YOUR ASSIGNMENT:
Repeat, word for word, every line from the line holding "Precioso Ático en" through the final line of the entries below. Skip all pictures.

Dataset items

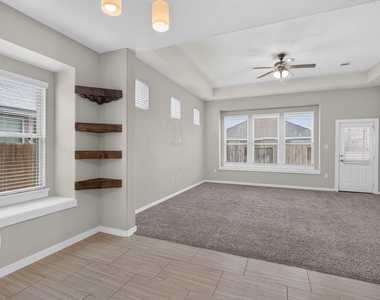 6915 Rosemont Court - Photo Thumbnail 16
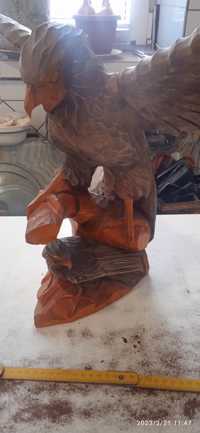 Деревянные статуэтка орлов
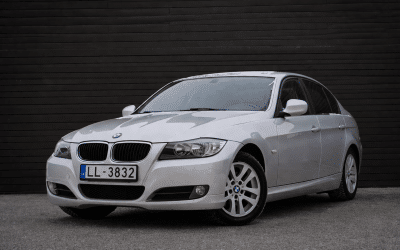 BMW 318 2009. gada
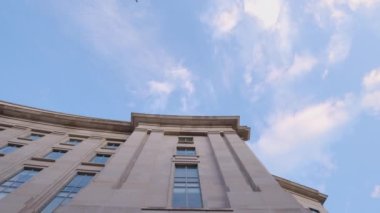 CBP 'nin Washington, DC' deki 1300 Pennsylvania Bulvarı 'ndaki Gümrük ve Sınır Koruma Merkezi binasının eğik çekimi. CBP' nin görevi ABD sınırlarını güvence altına almak ve yasal ticaret ve seyahatleri kolaylaştırmak.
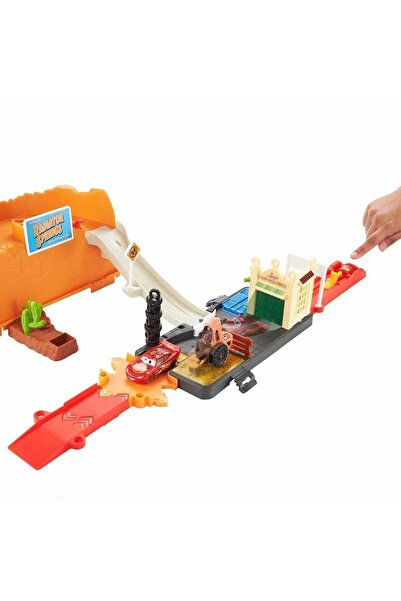 mattel Disney Pixar Cars Yarış Heyecanı Oyun Seti Hdn02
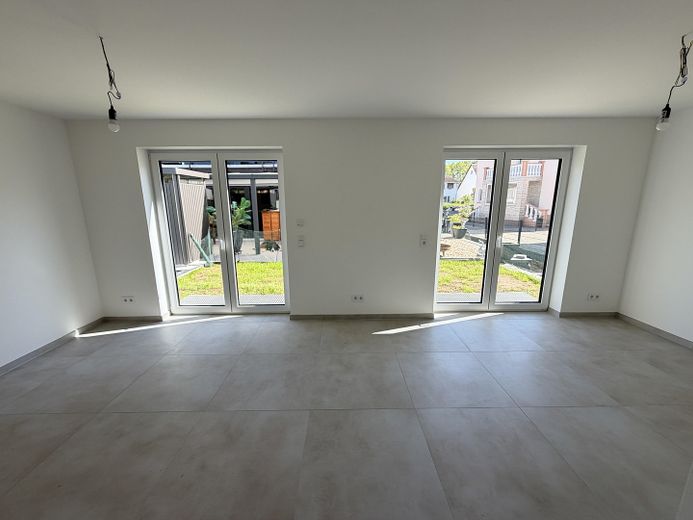 Élégant appartement de 2 pièces avec jardin privatif et équipements modernes – Wohnzimmer Ansicht Garten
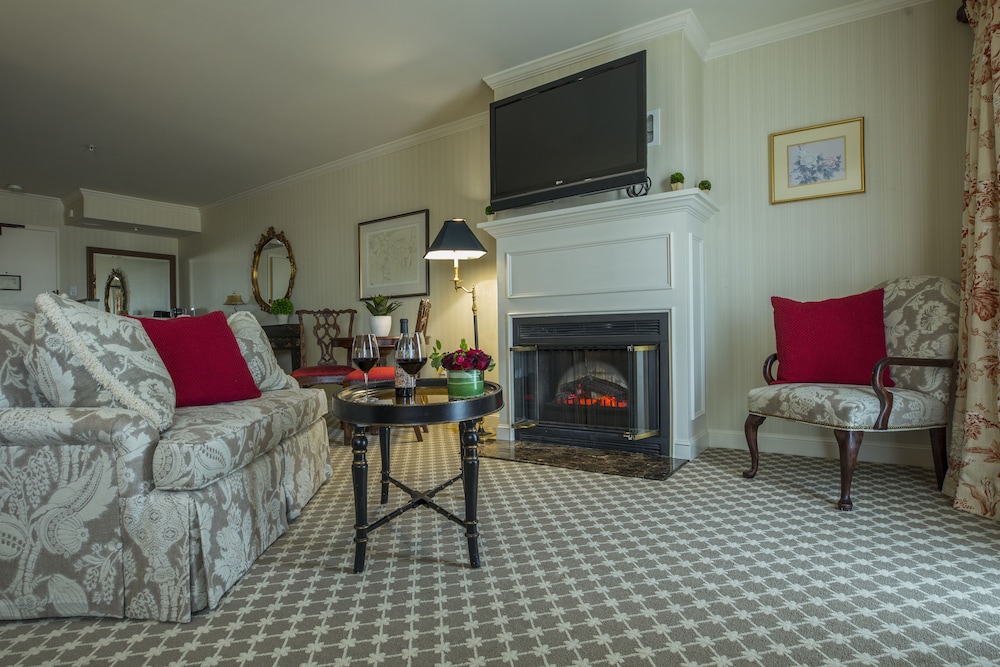 Saybrook Point Resort & Marina - photo 30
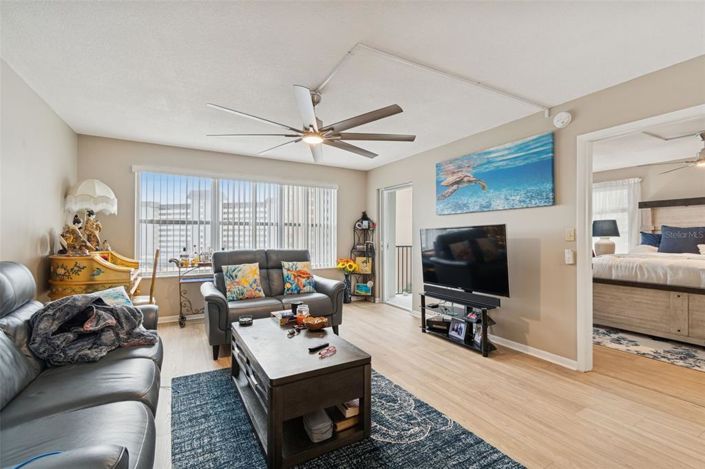 Image No.10-2 Bed Property for sale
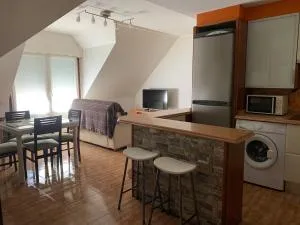 Precioso Ático en entorno rural, relax, cerca de la playa y montaña - 林皮亚斯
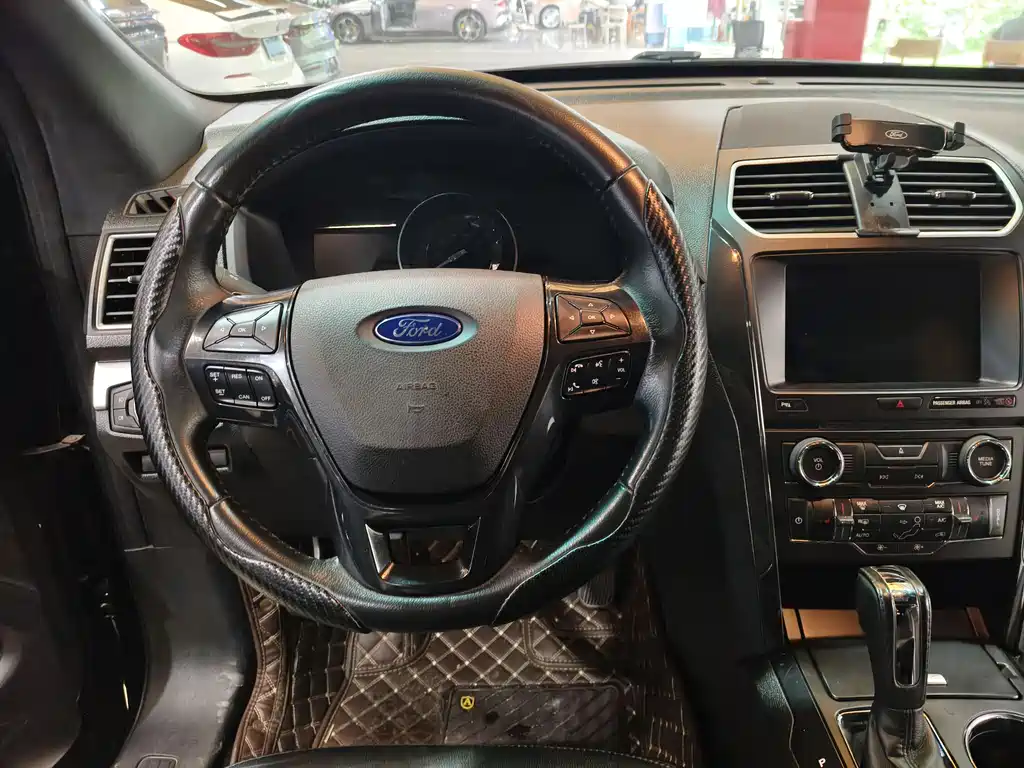 Ford Explorer 2016 — фото 12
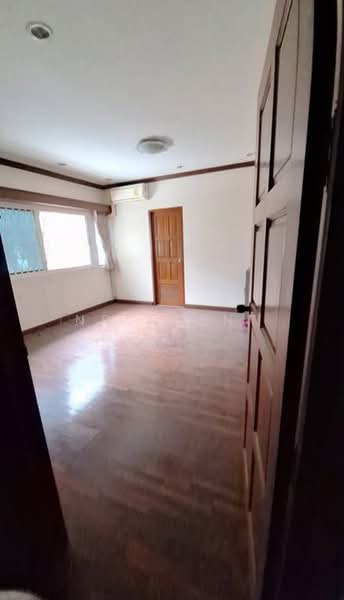 บ้านเดี่ยว 2 หลัง ติดกับมหาวิทยาลัยหอการค้า, Bangkok, Din Daeng, Bangkok, 7 Bedrooms, 400 sqm, Single Detached House For Sale, by NR AGENT, 500466232 - DDproperty.com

RESULT OF THIS EXERCISE:
 Precioso Ático en entorno rural, relax, cerca de la playa y montaña - 林皮亚斯
 Ford Explorer 2016 — фото 12
 บ้านเดี่ยว 2 หลัง ติดกับมหาวิทยาลัยหอการค้า, Bangkok, Din Daeng, Bangkok, 7 Bedrooms, 400 sqm, Single Detached House For Sale, by NR AGENT, 500466232 - DDproperty.com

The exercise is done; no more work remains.